Definition of global entrepreneur

Global entrepreneurship is a trait or characteristic in our definition of a global leader. Global entrepreneurs are professionals who use their global understanding and connections to identify transnational and cross-cultural opportunities and turn them into new value-creating initiative. While entrepreneurship usually means the creation of a new business, the scope of many global leaders' efforts go beyond business creation. Value creation obviously happens in established companies every day and many global leaders act as intrapreneurs pursuing opportunities from within an organisational context. Furthermore the term global entrepreneur recognises that not only businesses create new value - many global entrepreneurs operate from within the non-profit world establishing international social enterprises.

Global entrepreneurs typically create value in three distinct ways:

- The first is by tapping into commonalities – or convergence - between markets and cultures. This approach is common for organisations trying to bring a standard brand promise to diverse cultures, such as global brands Nike or McDonald’s. Alternatively it is companies like Intel that are bringing broadly applicable, convergent technological solutions to diverse communities.

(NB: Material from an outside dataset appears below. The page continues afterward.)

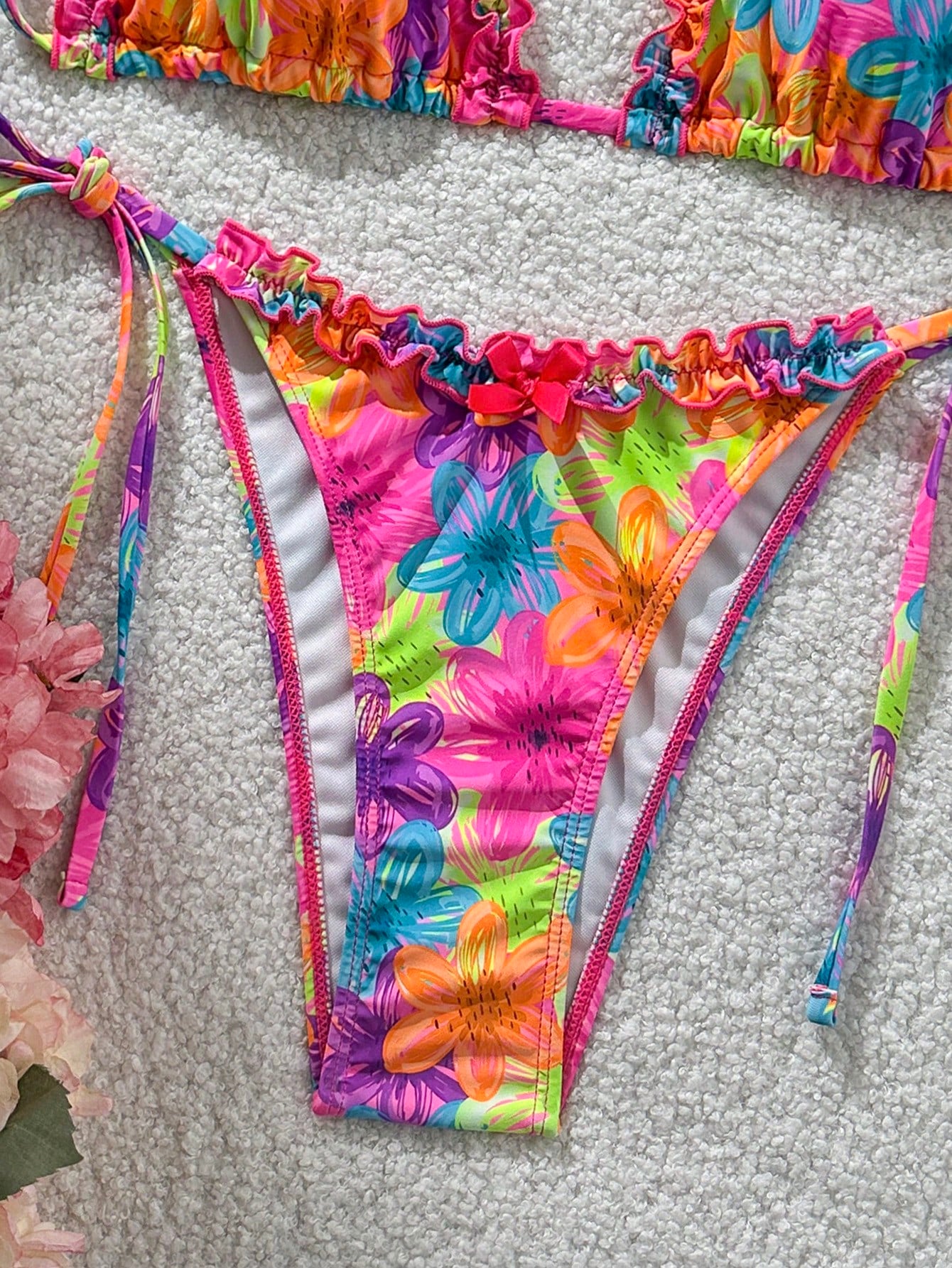Swim Mod 2pcs Spring/Summer Beach Vacation Colorful Floral Random Print Bow Accessory Halter Triangle Cup Bra - image 5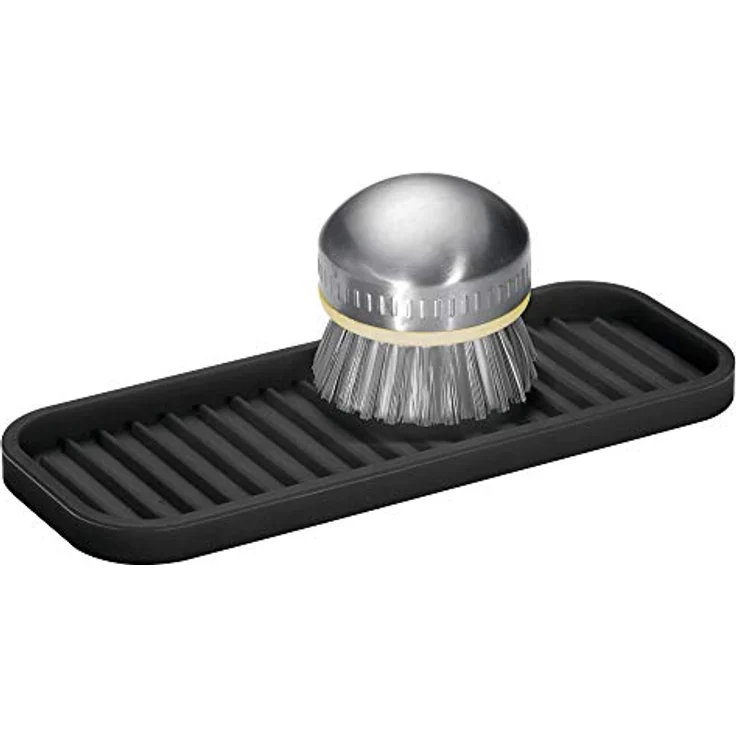 InterDesign Lineo Trennwand für Spülbecken, Silikon Waschbecken-Ablage 9 x 3.5 x .5 schwarz – Bild 2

- Conversely, global entrepreneurs may tap differences – or divergence - among regions in order to access distinct comparative advantages. Some IKEA products, for example, are designed in Sweden and assembled in China using African cotton and Polish plywood. 

- Global entrepreneurs also access networks and create value by building platforms that allow global exchange.  Hong Kong-based Global Sources, for example, uses a standard trading platform to facilitate exchange between suppliers in Asia and clients around the world. 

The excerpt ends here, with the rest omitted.